Midnight Club: Los Angeles (Xbox 360)

Midnight Club: Los Angeles marks a surprising change for Rockstar's popular racing franchise. It's not that we're racing through a virtual L.A. (we've done that before in Midnight Club 2), but instead that for the first time ever players are locked to only one city. In the past we've had a chance to explore two or three cities throughout the course of the game, but not this time around. Instead the good people at Rockstar Dan Diego have decided to focus all their time and attention on making Los Angeles as fully realized as they can, and you tell while you're whipping through the streets at 100 miles per hour.

This fictional Los Angeles is a real marvel; it somehow manages to fit every landmark from both the city and all of the outlining cities. But as impressive as the city is, this is still your standard game of Midnight Club. The game has a forgettable storyline that is there only to introduce you to the world of street racing and give you missions. As you play through the single-player story mode you'll have to take part in various tournaments, perform some oddball challenges, earn enough cash to buy cars and parts, and earn enough respect to become the best street racer in Los Angeles. Chances are all this sounds familiar, because it's basically the same plot that we've had in every other Midnight Club game. The difference here is that you're not moving from city to city and the graphics are really, really good.

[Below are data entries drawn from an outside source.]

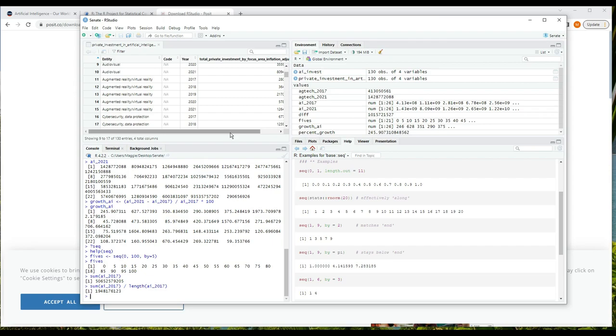We could also assign that to a variable of course, and the result is almost two billion on average spent on each of the various AI areas in 2017. Once we've practiced in the console and gotten to know our data a little bit, we probably want to write a script so we can save our analysis, edit it, work on it more, and maybe reuse the analysis for a future dataset. We aren't really doing much with this data right now, but let's take what we've learned and write a short script.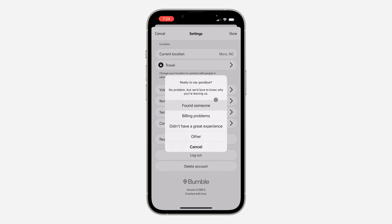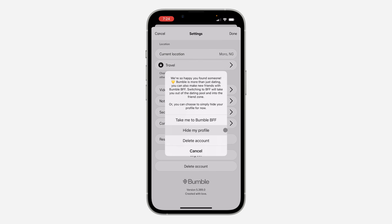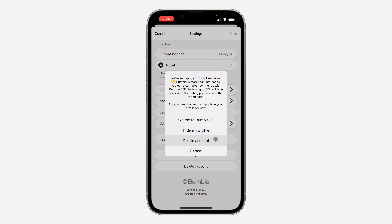Once you click on it, you need to select the reason why you want to delete your account. I'm just going to go with 'found someone.' Once you click on it, you can also just hide your profile on Bumble, which is going to deactivate your account for some time and you can still unhide your account back. But if you want to delete your account, click on delete account.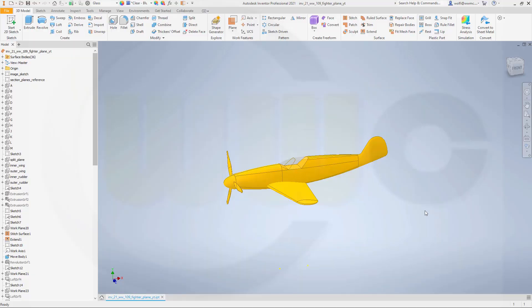Hi, welcome to an Inventor 2021 video tutorial, the next part in the WW109 fighter plane series.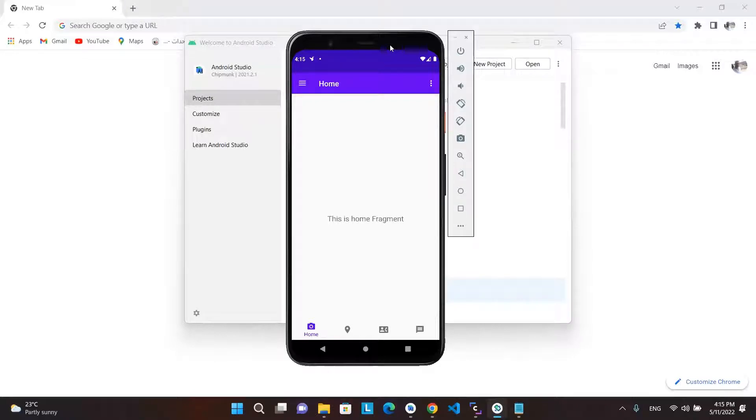Hello everyone. In this video, we will learn how to integrate bottom navigation view with navigation drawer using the same navigation graph.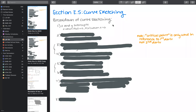This is the re-recording of recitation nine, question nine. I will not be doing question three, but I will be going over the breakdown of curve sketching really quickly before we get started.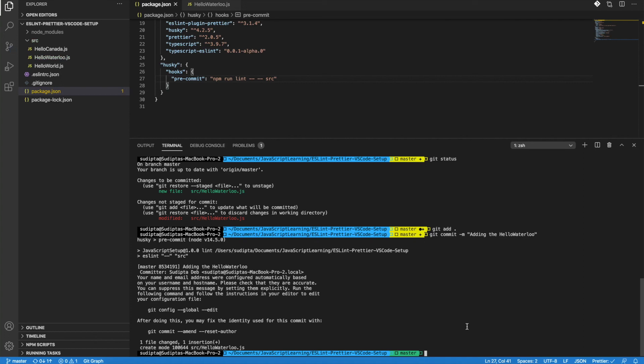So this is the way we can use Husky to make sure that every time we do a commit, ESLint runs and ensures the committed code is properly syntaxed and following best practices before allowing the commit. I hope this video is helpful. Let me know your comments and feedback, and if you like the video please share it with others, hit the like icon, and subscribe to my channel. Thank you.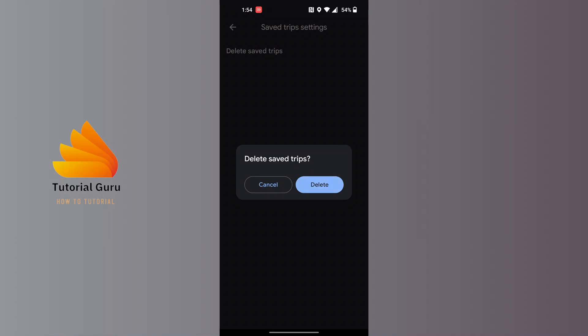That being said, this is how you will be able to delete saved trips on Google Maps. If you have any confusions or questions regarding this topic, feel free to comment in the comment section below.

Everything that you loved about the past three Midnight Club games is front and center here, from the high speed races to the different types of races to the weird car super powers. Super powers? While not noticeable at first, it won't be long before you realize that your car has a secret. It's true; your car can perform all sorts of cool tricks, most of which will give you a significant advantage in your high speed race to the finish line. There are four different powers, including AGRO (the ability to plow right through the competition), ZONE (which slows everything down so that you can make precise corners), EMP (an electromagnetic pulse that disables the competition), and ROAR (which sends out an engine rev so loud that traffic will do anything it can to get out of your way). All of these different abilities add a lot to the game; however they don't overshadow the already strong racing mechanics.

Midnight Club: Los Angeles (Xbox 360)

For the most part Midnight Club is set up like all street racing games; you basically drive around the city looking for different people to race. Beyond the standard tournaments and time trials, you'll run into random cars that are looking to beat you to the finish line. Thankfully there are a few different types of events, including time trials, checkpoint races around the city, freeway races, and races from point A to point B, all stuff you have come to know and expect from a street racing game. Throw in the police presence and lots and lots and lots of advertising and you have the makings of your basic open-world street racing game.

The criticism that has always been leveled against this type of racing game is that with so many different city streets (and hidden shortcuts) it's incredibly easy to get lost or accidentally make a wrong turn. Unfortunately this is still the Achilles ' heel of Midnight Club: Los Angeles. On one hand it's a double-edged sword; you want the city to be fully realized and full of intersecting streets and shortcuts, but the more complicated the city is the more overwhelming the experience can be when you're driving at breakneck speeds. It's hard enough to keep control of the car and dodge traffic without having to also look at the tiny map to make sure you didn't miss your turn.

Some recent open-world racing games have managed to find ways of getting around this impediment. Burnout Paradise, for example, featured a number of visual and audio cues to help you navigate through the city at full speed. This is not the case with Midnight Club, instead you're forced to pay attention to one of two different maps or try and memorize every street and intersection of Los Angeles, California.